Rather than follow symbolic links, nftw() will report the links but not follow them. A side effect of this is that the callback gets the result of an lstat() call rather than a stat() call.

[5] This flag causes nftw() to provide a depth first search. There is no similar flag for a breadth first search.

The flag argument to the callback can take on two new values for nftw(), in addition to the values we have already mentioned for ftw().

FTW_DP

The item is a directory whose contents have already been reported (this can occur only if FTW_DEPTH was specified).

FTW_SLN

The item is a symbolic link that points to a nonexistent file (it is a broken link). This can occur only if FTW_PHYS was not specified; if it was, FTW_SL would be passed.

These extra flag values make the behavior nftw() for symbolic links well specified. If FTW_PHYS is used, all symbolic links return FTW_SL. Without nftw(), broken links yield FTW_NS and other symbolic links give the same result as the target of the link.

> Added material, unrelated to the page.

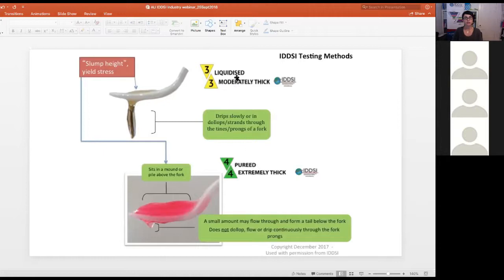For moderately thick liquids where exactly 10 millilitres remain — or if there are only one to two drips through the syringe — it is important to also confirm via the fork drip test. A liquidised fluid will have a small amount above the fork but will flow or drip continuously through the prongs. By contrast, a pureed or extremely thick liquid will sit in a mound above the fork and only a small tail may initially fall through, then hold within a couple of seconds.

The callback for nftw() takes one more argument, ftwInfo. It is a pointer to a struct FTW, which is defined as:

#define _XOPEN_SOURCE 600
#include <ftw.h>

struct FTW {
    int base;
    int level;
};

The base is the offset of the file name within the full path passed to the callback. For example, if the full path passed was /usr/bin/ls, the base would be 9, and file + ftwInfo->base would give the file name ls. The level is the number of directories below the original directory this file is. If ls was found in an nftw() that began in /usr, the level would be 1. If the search began in /usr/bin, the level would instead be 0.

Implementing find

The find command searches one or more directory trees for files that match certain characteristics. Here is a simple implementation of find that is built around nftw(). It uses fnmatch()[6] to implement the -name switch, and illustrates many of the flags nftw() understands.

 1: /* find.c */
 2:
 3: #define _XOPEN_SOURCE 600
 4:
 5: #include <fnmatch.h>
 6: #include <ftw.h>
 7: #include <limits.h>
 8: #include <stdio.h>
 9: #include <stdlib.h>
10: #include <string.h>
11:
12: const char * name = NULL;
13: int minDepth = 0, maxDepth = INT_MAX;
14:
15: int find(const char * file, const struct stat * sb, int flags,
16:          struct FTW * f) {
17:     if (f->level < minDepth) return 0;
18:     if (f->level > maxDepth) return 0;
19:    if (name && fnmatch(name, file + f->base, FNM_PERIOD)) return 0;
20:
21:     if (flags == FTW_DNR) {
22:         fprintf(stderr, "find: %s: permission denied
", file);
23:     } else {
24:         printf("%s
", file);
25:     }
26:
27:     return 0;
28: }
29:
30: int main(int argc, const char ** argv) {
31:     int flags = FTW_PHYS;
32:     int i;
33:     int problem = 0;
34:     int tmp;
35:     int rc;
36:     char * chptr;
37:
38:     /* look for first command line parameter (which must occur after
39:         the list of paths */
40:     i = 1;
41:     while (i < argc && *argv[i] != '-') i++;
42:
43:     /* handle the command line options */
44:     while (i < argc && !problem) {
45:         if (!strcmp(argv[i], "-name")) {
46:             i++;
47:             if (i == argc)
48:                 problem = 1;
49:             else
50:                 name = argv[i++];
51:         } else if (!strcmp(argv[i], "-depth")) {
52:             i++;
53:             flags |= FTW_DEPTH;
54:         } else if (!strcmp(argv[i], "-mount") ||
55:                    !strcmp(argv[i], "-xdev")) {
56:             i++;
57:             flags |= FTW_MOUNT;
58:         } else if (!strcmp(argv[i], "-mindepth") ||
59:                    !strcmp(argv[i], "-maxdepth")) {
60:             i++;
61:             if (i == argc)
62:                 problem = 1;
63:             else {
64:                 tmp = strtoul(argv[i++], &chptr, 10);
65:                 if (*chptr)
66:                     problem = 1;
67:                 else if (!strcmp(argv[i - 2], "-mindepth"))
68:                     minDepth = tmp;
69:                 else
70:                     maxDepth = tmp;
71:             }
72:         }
73:     }
74:
75:     if (problem) {
76:         fprintf(stderr, "usage: find <paths> [-name <str>] "
77:                 "[-mindepth <int>] [-maxdepth <int>]
");
78:         fprintf(stderr, "       [-xdev] [-depth]
");
79:         return 1;
80:     }
81:
82:     if (argc == 1 || *argv[1] == '-') {
83:         argv[1] = ".";
84:         argc = 2;
85:     }
86:
87:     rc = 0;
88:     i = 1;
89:     flags =0;
90:     while (i < argc && *argv[i] != '-')
91:         rc |= nftw(argv[i++], find, 100, flags);
92:
93:     return rc;
94: }

Directory Change Notification

Applications may wish to know when the contents of a directory change. File managers, for example, may list the contents of a directory in a window and would like to keep that window up-to-date when other programs modify that directory. While the application could recheck the directory at regular intervals, Linux can send a program a signal when a directory is modified, allowing timely updates without the overhead (and delays) of polling.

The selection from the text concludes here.